When you are in a mediation setting, it is helpful to keep in mind the important distinctions between (i) a mediation and (ii) an arbitration, a trial or court settlement conference – and to prepare accordingly.  An arbitrator or a judge is going to determine the party’s legal rights in a formal, rule-governed process.  In arbitration and litigation, the parties have limited agency, the focus is on the relative rights of the parties and the parties’ feelings about one another or about the dispute are of no significance.  Like meditation, settlement conference is an informal proceeding without many governing rules, but like trial or arbitration, a settlement conference nevertheless takes place in the “shadow” of a trial, and in the context of the legal rights of the parties under the facts of the case.  

In marked contrast to these dispute resolution proceedings, a mediation is an informal process, without rules, which focuses on the interests of the parties.  In mediation, while the facts and the law are important, so, too, are the feelings of the parties about one another, about the dispute and about the mediation process — since these feelings will either interfere with or help the parties’ “rational” decision-making.  Most significantly, as noted above, a successful mediation will result not in a decision by a judge or jury or arbitrator, but in the parties’ decision regarding a solution to their problem, making the parties, rather than the mediator, responsible for the quality of the ultimate decision.

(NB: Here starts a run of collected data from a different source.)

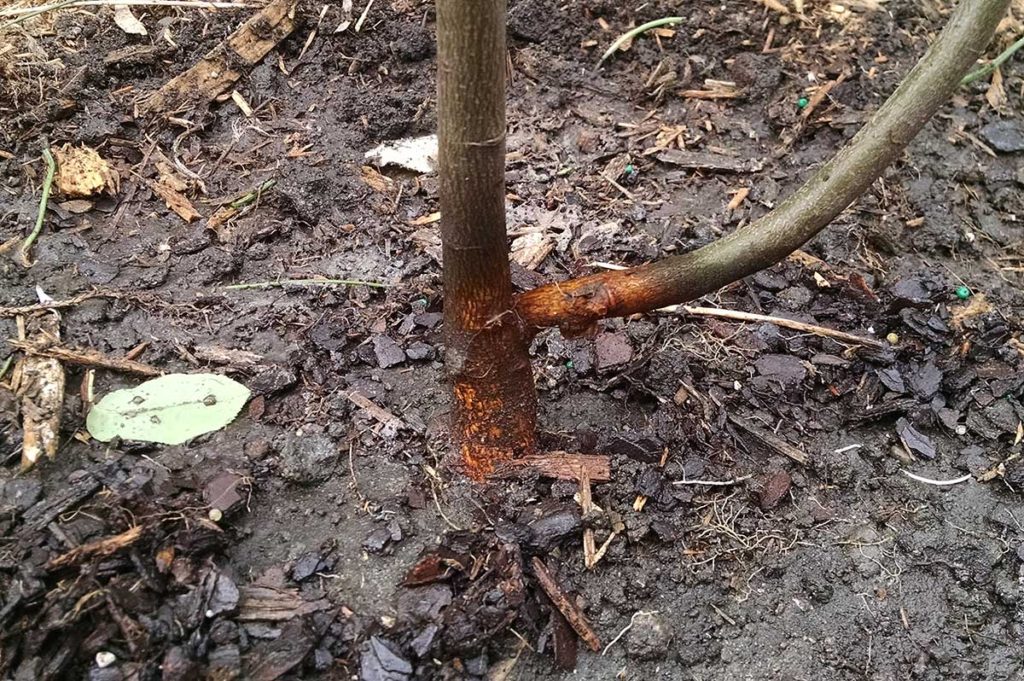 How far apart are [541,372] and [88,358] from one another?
1194 mm

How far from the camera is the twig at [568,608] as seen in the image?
68.3 inches

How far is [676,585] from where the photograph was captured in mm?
1840

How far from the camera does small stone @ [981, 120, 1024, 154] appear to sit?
2.87 meters

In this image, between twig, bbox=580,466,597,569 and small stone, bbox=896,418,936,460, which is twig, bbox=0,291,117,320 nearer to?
twig, bbox=580,466,597,569

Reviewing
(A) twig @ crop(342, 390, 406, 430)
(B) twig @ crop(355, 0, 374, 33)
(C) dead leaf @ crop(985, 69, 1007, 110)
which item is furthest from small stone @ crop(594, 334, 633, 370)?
(C) dead leaf @ crop(985, 69, 1007, 110)

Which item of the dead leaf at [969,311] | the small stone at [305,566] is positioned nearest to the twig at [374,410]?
the small stone at [305,566]

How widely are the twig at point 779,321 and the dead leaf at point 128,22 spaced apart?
2.11 m

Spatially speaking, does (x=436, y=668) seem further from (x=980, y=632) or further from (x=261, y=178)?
(x=261, y=178)

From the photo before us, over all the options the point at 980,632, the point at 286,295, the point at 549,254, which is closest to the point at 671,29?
the point at 549,254

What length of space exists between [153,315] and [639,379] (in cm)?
137

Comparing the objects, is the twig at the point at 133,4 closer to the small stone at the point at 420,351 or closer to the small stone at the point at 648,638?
the small stone at the point at 420,351

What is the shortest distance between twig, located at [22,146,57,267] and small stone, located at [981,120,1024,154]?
10.6 ft

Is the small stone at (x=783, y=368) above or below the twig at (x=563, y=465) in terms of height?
above

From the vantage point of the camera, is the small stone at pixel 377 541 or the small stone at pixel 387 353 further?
the small stone at pixel 387 353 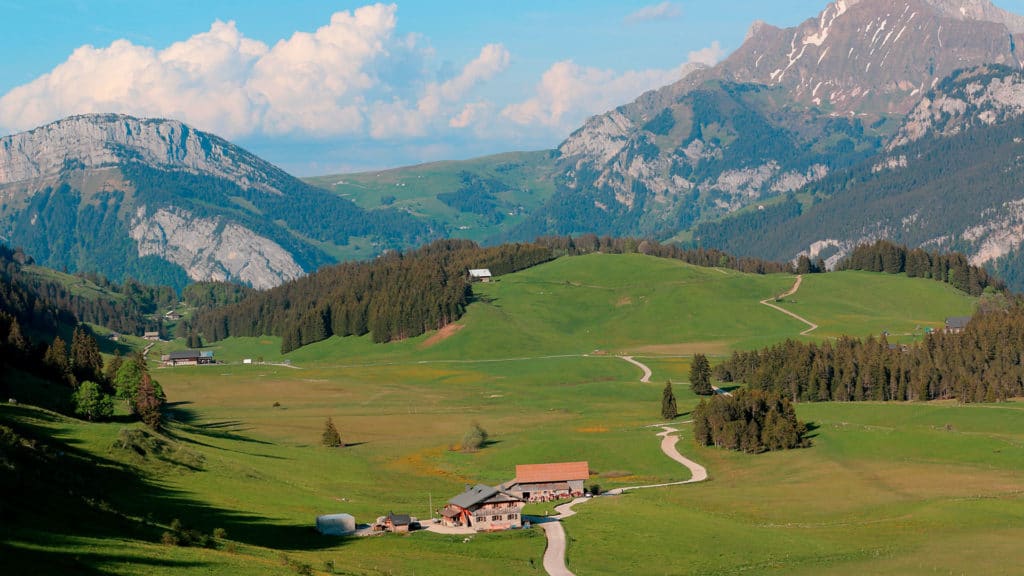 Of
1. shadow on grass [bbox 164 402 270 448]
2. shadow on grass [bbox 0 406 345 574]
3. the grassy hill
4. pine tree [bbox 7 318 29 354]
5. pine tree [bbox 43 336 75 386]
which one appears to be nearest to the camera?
shadow on grass [bbox 0 406 345 574]

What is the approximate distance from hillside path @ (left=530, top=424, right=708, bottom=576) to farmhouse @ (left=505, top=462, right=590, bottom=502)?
3088 millimetres

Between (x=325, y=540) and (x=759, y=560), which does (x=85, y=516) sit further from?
(x=759, y=560)

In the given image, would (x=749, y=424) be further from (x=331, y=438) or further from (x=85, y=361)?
(x=85, y=361)

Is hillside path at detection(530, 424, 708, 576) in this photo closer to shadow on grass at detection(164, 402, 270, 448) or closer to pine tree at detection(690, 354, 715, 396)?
pine tree at detection(690, 354, 715, 396)

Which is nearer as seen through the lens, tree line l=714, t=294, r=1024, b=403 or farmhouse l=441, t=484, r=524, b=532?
farmhouse l=441, t=484, r=524, b=532

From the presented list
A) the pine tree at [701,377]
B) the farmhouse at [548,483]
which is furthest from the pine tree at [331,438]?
the pine tree at [701,377]

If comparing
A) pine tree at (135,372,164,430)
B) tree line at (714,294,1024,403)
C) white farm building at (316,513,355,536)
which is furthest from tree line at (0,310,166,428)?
tree line at (714,294,1024,403)

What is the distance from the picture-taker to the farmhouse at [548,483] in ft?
336

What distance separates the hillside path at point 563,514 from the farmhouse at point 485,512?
117 inches

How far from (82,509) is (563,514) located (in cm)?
4316

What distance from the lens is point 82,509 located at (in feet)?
→ 197

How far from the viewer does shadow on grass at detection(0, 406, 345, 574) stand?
161ft

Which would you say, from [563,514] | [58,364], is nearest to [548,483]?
[563,514]

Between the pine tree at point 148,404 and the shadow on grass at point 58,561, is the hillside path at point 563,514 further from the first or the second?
the pine tree at point 148,404
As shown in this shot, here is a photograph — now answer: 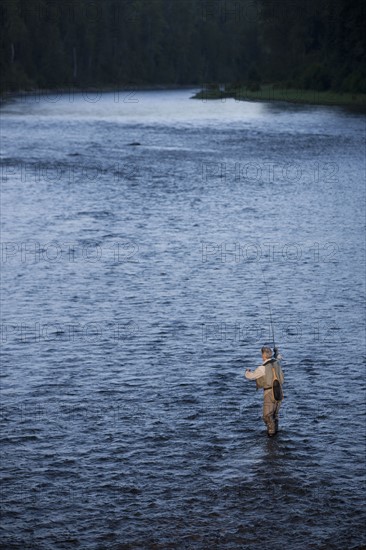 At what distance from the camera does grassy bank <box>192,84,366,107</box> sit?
123688 millimetres

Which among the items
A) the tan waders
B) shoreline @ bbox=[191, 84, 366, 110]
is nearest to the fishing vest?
the tan waders

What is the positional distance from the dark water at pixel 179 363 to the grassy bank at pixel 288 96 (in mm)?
62585

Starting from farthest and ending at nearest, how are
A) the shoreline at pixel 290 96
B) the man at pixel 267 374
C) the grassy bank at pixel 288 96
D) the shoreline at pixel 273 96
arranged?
the shoreline at pixel 273 96
the grassy bank at pixel 288 96
the shoreline at pixel 290 96
the man at pixel 267 374

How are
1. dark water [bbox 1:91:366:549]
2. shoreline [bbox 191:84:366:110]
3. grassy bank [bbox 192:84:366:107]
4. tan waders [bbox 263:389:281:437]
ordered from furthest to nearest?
grassy bank [bbox 192:84:366:107] < shoreline [bbox 191:84:366:110] < tan waders [bbox 263:389:281:437] < dark water [bbox 1:91:366:549]

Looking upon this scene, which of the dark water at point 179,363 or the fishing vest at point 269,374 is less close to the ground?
the fishing vest at point 269,374

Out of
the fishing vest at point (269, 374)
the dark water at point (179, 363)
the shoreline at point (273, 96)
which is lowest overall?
the shoreline at point (273, 96)

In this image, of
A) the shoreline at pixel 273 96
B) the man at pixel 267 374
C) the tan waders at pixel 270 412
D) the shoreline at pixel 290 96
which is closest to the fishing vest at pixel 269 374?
the man at pixel 267 374

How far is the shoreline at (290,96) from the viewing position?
123250 mm

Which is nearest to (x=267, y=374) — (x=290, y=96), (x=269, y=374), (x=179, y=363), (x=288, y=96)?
(x=269, y=374)

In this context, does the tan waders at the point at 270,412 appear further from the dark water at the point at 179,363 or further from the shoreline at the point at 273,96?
the shoreline at the point at 273,96

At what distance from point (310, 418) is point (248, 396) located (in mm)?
1920

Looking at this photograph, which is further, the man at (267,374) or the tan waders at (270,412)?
the tan waders at (270,412)

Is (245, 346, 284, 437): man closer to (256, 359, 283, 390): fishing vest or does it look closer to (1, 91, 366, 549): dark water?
(256, 359, 283, 390): fishing vest

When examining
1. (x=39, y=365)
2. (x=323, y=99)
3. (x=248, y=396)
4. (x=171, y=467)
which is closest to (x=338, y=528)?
(x=171, y=467) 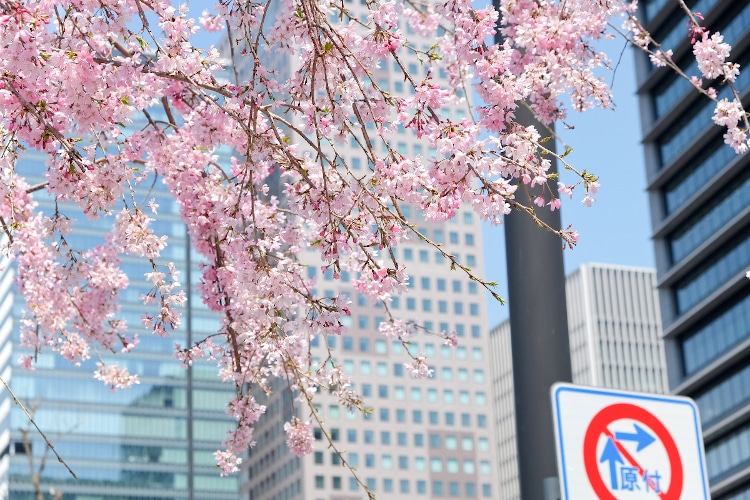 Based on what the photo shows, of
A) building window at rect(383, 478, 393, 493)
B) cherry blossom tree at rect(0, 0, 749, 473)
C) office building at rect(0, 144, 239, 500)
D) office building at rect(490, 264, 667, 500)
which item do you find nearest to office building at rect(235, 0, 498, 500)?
building window at rect(383, 478, 393, 493)

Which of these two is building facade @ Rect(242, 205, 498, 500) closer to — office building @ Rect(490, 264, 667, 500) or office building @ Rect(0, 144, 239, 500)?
office building @ Rect(0, 144, 239, 500)

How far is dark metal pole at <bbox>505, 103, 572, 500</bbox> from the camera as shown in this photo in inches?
159

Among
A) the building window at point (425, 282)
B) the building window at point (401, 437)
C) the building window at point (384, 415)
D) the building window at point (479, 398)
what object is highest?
the building window at point (425, 282)

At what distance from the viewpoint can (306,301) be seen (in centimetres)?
629

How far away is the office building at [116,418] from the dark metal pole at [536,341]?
103262mm

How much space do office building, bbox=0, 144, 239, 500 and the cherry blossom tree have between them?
99.6 meters

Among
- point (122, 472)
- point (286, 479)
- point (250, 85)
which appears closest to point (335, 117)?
point (250, 85)

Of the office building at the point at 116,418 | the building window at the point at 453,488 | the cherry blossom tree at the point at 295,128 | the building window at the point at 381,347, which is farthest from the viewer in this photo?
the building window at the point at 381,347

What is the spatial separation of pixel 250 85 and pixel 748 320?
69.0 metres

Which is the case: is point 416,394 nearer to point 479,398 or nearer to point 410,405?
point 410,405

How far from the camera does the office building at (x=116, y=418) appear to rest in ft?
359

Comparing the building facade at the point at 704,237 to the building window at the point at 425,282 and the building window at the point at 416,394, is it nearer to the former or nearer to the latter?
the building window at the point at 416,394

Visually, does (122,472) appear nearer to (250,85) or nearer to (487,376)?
(487,376)

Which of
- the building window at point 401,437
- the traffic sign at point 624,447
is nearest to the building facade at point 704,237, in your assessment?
the building window at point 401,437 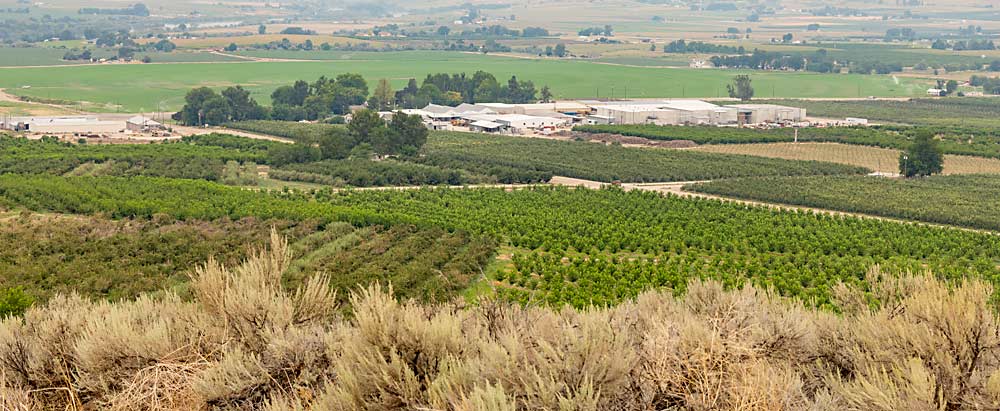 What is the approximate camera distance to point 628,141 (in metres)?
89.2

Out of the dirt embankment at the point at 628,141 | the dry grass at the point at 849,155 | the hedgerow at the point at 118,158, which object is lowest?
the dry grass at the point at 849,155

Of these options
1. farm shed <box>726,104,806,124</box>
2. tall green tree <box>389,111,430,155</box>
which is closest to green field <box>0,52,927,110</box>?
farm shed <box>726,104,806,124</box>

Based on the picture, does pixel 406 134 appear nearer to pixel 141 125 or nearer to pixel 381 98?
pixel 141 125

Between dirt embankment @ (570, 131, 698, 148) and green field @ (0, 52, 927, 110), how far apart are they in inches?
1624

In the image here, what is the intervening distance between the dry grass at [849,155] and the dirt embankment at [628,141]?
6.02ft

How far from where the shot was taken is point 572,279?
37.9 metres

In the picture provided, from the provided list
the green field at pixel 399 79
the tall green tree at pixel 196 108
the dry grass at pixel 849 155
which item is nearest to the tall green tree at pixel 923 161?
the dry grass at pixel 849 155

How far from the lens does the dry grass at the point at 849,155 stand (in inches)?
2965

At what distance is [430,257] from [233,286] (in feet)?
70.5

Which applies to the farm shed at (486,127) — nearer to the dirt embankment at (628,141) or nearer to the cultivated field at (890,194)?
the dirt embankment at (628,141)

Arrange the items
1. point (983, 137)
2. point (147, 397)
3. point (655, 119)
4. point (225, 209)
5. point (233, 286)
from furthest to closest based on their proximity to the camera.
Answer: point (655, 119)
point (983, 137)
point (225, 209)
point (233, 286)
point (147, 397)

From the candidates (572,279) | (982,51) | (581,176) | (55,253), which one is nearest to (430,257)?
(572,279)

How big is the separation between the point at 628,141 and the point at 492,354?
247 feet

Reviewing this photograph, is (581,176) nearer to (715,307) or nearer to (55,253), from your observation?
(55,253)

Given that mediation is fundamentally different from a trial or arbitration, it is important to prepare differently for mediation.  Of course, there is some overlap:  a starting point for any dispute resolution process has to be developing an understanding of the claims at issue, the evidence supporting (and undermining) those claims and the impact of the law on assessment of those claims.  But in mediation, the objective is not to prevail on your claims but, rather, to obtain a result that is, on balance, better than the likely net result of a trial. And to do that, a litigant needs not only to understand the facts and the law, but also to have a firm understanding of what the party can reasonably expect to achieve in the litigation, how the litigation  itself conforms with and advances (or detracts from) the party’s interests and what the likely financial costs will be. 

Choose your people wisely; when possible, assemble a diverse team, appoint and empower a “devil’s advocate” and consider utilizing separate “settlement” counsel. 

Perhaps the most important decision any litigant makes in connection with preparing for mediation is that regarding the selection of the members of the litigant’s “legal” and client teams who will serve as the client’s representatives in the mediation process.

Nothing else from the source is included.